Naga people are familiar with this political concept though it has survived at great cost in the Indian Union—subsequent governments in Nagaland State have relied heavily on New Delhi and central policies in order to attract funds. The heavy focus on maintaining a government, instead of uplifting all people, has induced many new forms of inequality for sections of society, often marginalizing women and forcing workers to migrate. Not that governance has gained; what the Naga and their neighbouring peoples have lost, markets (and those who own capital) have gained.

 

On the international arena, economic regionalism is on the rise. The World Trade Organization has historically encouraged the conversion of sustenance into commodity. It facilitated the entry of big business into self sustaining ecologies, often destroying the latter with impunity. Free Trade Agreements (FTA) have forced countries to allow capital to rule over policy. They have deprived those who have not had traditional access to capital, bringing several peoples/nations/states to their knees. Breaking away from the hegemony of centralized institutions, countries have formed regional blocs. However, instead of shifting focus away from markets and capital, these countries are forging similar trade agreements. By favouring multinational corporations, these can potentially destroy native agriculture, small and medium enterprise, promote big business that rely on mechanization and do not create jobs, thereby pushing marginalized populations into further poverty and impoverishment.

 

The Regional Comprehensive Economic Partnership (RCEP) is one such “mega-regional” economic agreement (FTA) being negotiated between the 10 ASEAN (Association of South East Asian Nations) governments and their six FTA partners: Australia, China, India, Japan, New Zealand and South Korea. India is currently hosting the 19th round of RCEP negotiations in Hyderabad.
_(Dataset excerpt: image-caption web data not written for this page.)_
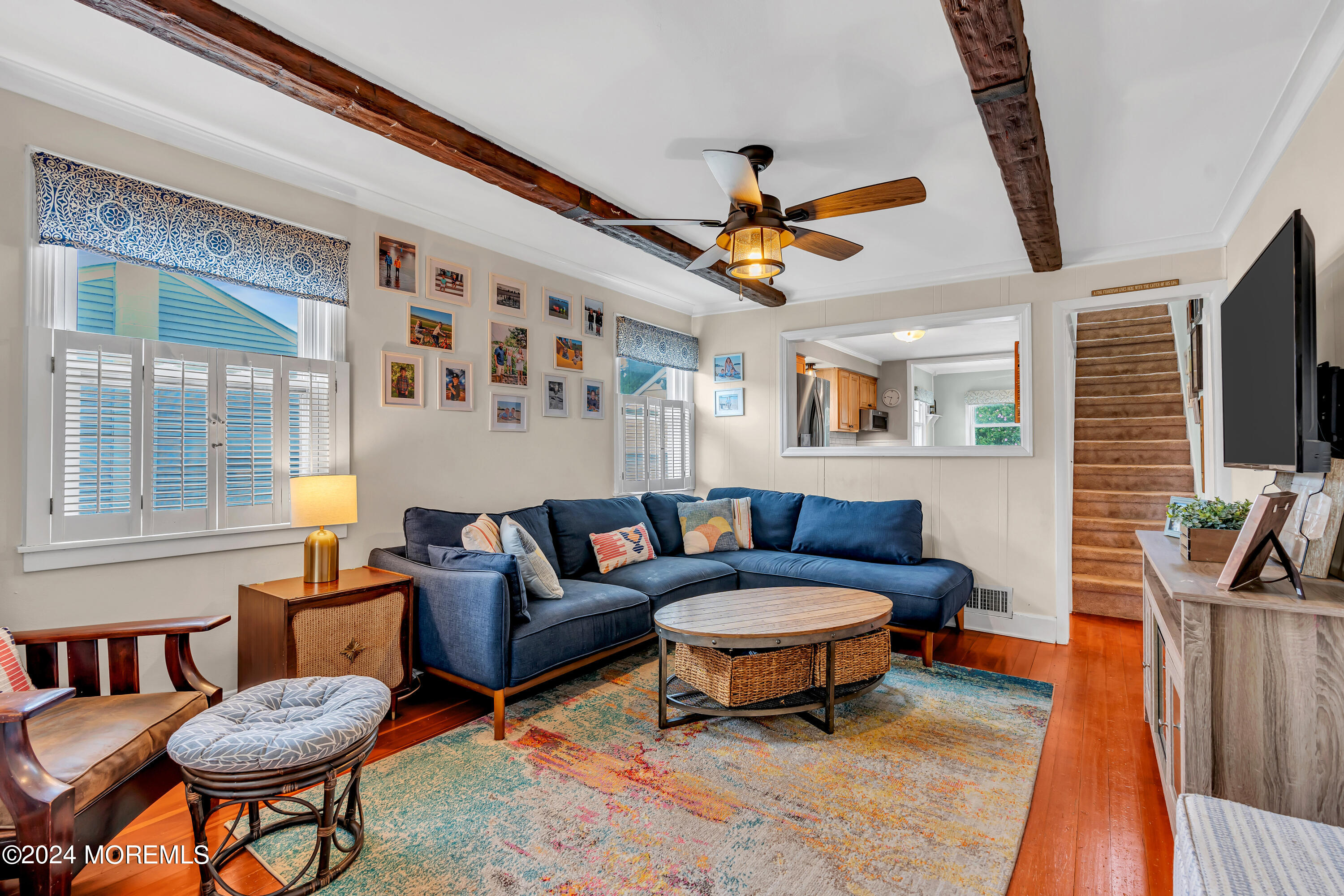 1507 Edgemere Road Wall, NJ 07719 - Photo 7 of 32 a living room with furniture a flat screen tv and a table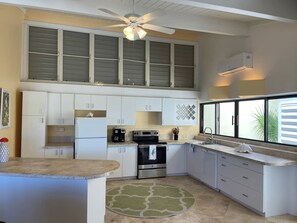 A kitchen with white cabinets, a stainless steel oven, a coffee maker, and a window with blinds.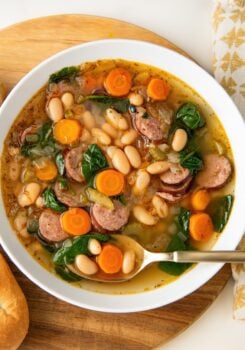 A white bowl is filled with rich white bean and sausage soup.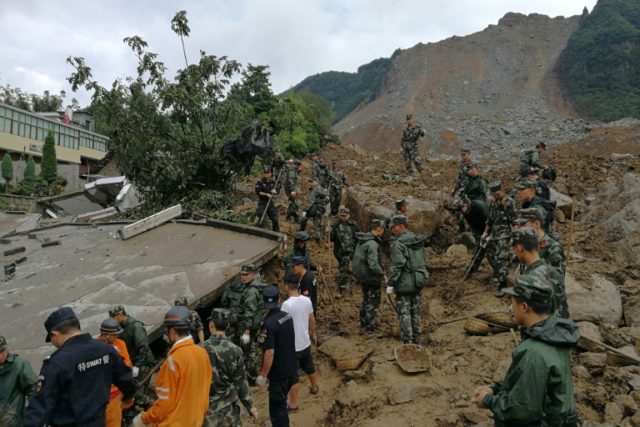 Chinese rescue workers at the scene of the landslide in Guizhou province
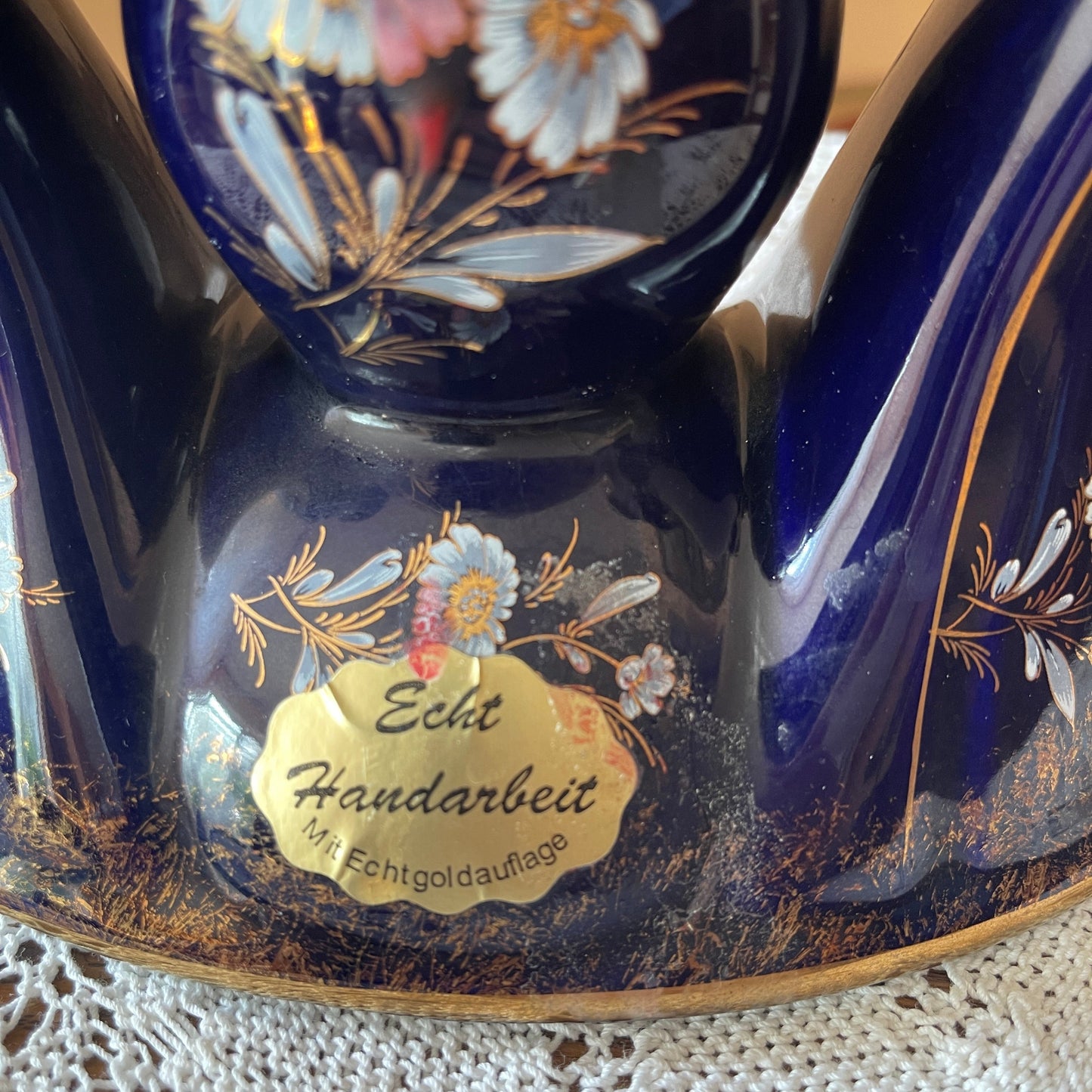 Decorative blue vase with floral design and 'Echt Handarbeit' label on a lace tablecloth.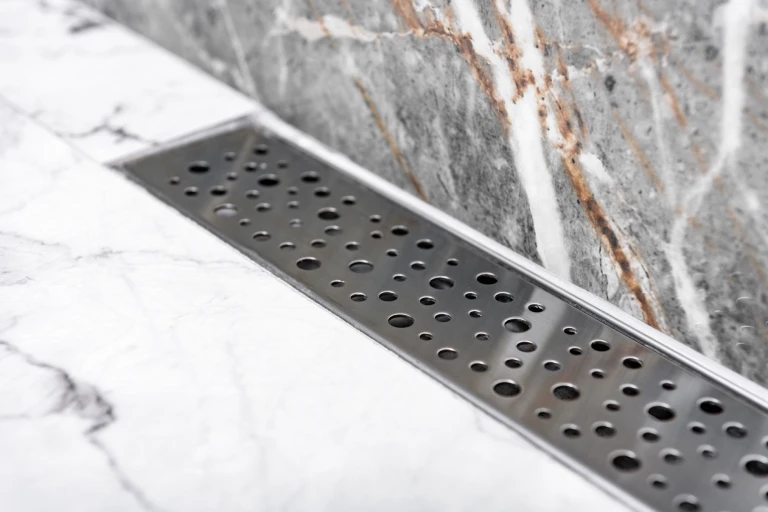 A sleek, rectangular stainless steel linear drain with a circular pattern installed along a white marble shower floor
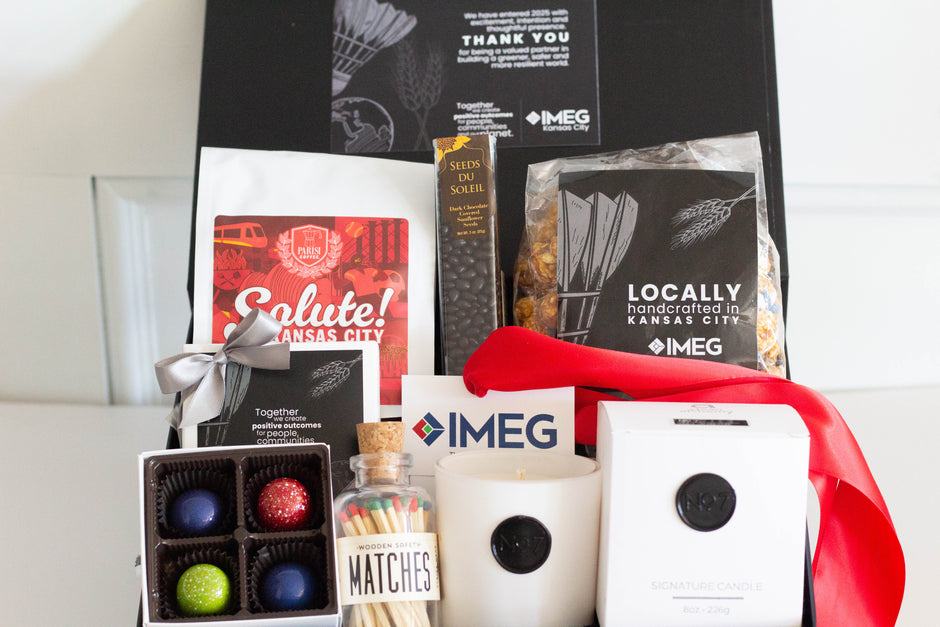 A curated gift basket filled with multiple items including IMEG coffee, chocolate covered sunflower seeds, a popcorn mix, a white candle, a box of multi-colored chocolates in IMEG branding, matches, and a red ribbon, set against a plain light background.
Marginalized groups are protesting the potential impact that the health or agriculture sectors could have if imports are unconditionally allowed into the country at the cost of policies (like affordable healthcare or seed sovereignty).

 

From past data on FTAs available, rural peasant communities will be some of the worst affected. Among them, women will be at the bottom of the rung. As an activist from the Federation of Women Farmers Rights, Tamil Nadu pointed out, “Land grabbing for corporate agriculture will impact our food sovereignty, rights over our land and seed preservation. It will force women to migrate to seek labour and become vulnerable to trafficking.”

 

As one type of regionalism hurts, another form of regionalism, like the Naga one, could be an antidote. Standing up for communal sovereignty may be the way forward. In its current corrupt and patriarchal form though, it may not be possible.